In ∆DEF and ∆PQR. we have

∠D = ∠P = 70°

∠E =∠R = 80°

∠F = ∠R = 30°

∴ Three angles of these triangles are equal to each other.

∴ SimIlarity criterion here is A.A.A.

∴ ∆DEF ~ ∆PQR.

**KSEEB Solutions For Class 10 Maths Triangles Question 2.**

In the following figure. ∆OBA ~ ∆ODC, ∠BOC = 125° and ∠CDO = 70°. Find ∠DOC, ∠DCO and ∠OAB.

Solution:

∆OBA ~ ∆ODC (data)

In ∆OBA and ∆ODC, we have

∠ODC = ∠OBA = 70° (. Alternate angle)

∠AOB = 180°- 125° = 55° ( Adjacent angle)

∴ ∠AOB = ∠DOC = 55° (: VertIcally opposite angles)

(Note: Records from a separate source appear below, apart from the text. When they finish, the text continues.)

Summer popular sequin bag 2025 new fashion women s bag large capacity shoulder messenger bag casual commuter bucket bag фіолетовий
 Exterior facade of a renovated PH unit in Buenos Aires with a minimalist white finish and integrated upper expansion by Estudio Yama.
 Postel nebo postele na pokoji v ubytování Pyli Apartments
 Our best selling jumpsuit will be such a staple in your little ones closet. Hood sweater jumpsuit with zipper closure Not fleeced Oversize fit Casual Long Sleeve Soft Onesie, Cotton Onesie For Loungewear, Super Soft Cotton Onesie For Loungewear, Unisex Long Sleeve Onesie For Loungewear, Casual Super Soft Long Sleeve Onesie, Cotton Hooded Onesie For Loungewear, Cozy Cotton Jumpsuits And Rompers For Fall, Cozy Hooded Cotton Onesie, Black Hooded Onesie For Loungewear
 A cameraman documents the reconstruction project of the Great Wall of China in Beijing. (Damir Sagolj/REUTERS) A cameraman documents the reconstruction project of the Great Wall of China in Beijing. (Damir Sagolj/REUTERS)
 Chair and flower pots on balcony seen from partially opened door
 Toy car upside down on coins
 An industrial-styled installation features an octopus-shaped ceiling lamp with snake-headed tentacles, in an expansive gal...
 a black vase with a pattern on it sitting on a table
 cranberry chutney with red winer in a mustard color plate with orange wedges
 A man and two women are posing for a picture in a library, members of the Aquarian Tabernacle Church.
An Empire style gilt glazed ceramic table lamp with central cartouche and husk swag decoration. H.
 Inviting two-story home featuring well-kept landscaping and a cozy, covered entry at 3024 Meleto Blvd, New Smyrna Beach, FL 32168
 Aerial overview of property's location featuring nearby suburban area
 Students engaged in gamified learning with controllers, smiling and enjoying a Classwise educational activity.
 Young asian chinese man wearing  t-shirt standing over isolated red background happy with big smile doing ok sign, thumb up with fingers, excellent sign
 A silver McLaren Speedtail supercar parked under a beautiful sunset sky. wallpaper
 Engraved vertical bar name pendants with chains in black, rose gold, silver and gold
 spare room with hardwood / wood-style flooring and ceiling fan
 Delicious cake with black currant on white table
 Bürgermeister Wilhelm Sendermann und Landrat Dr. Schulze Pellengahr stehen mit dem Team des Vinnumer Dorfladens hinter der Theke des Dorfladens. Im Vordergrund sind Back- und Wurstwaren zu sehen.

∠OAB = ∠OCD = 55° (. Alternate angles)

∴ ∠DOC=55°

∠DCO = 55%

∠OAB= 55%.

**10th Maths Triangles Exercise 2.3 Solutions Question 3.**

Diagonals AC and BD of a trapezium ABCD with AB || DC intersect each other at the point O. Using a similarity criterion for two triangles, show that \(\frac{\mathrm{OA}}{\mathrm{OC}}=\frac{\mathrm{OB}}{\mathrm{OD}}\)

Solution:

Data: Diagonals AC and BD of a trapezium ABCD with AB || DC. intersect each other at the point O.

To Prove: \(\frac{\mathrm{OA}}{\mathrm{OC}}=\frac{\mathrm{OB}}{\mathrm{OD}}\)

In the trapezium ABCD AB || DC.

∴ ∠OCD = ∠OAB (Alternate angles)

∠ODC = ∠OBA (Alternate angles)

∠DOC = ∠AOB (Vertically opposite angles)

∴ These are equlangular triangles.

∴ These triangles are similar.

∴ ∆ODC ~ ∆OAB

\(\quad \frac{\mathrm{OA}}{\mathrm{OC}}=\frac{\mathrm{OB}}{\mathrm{OD}}\)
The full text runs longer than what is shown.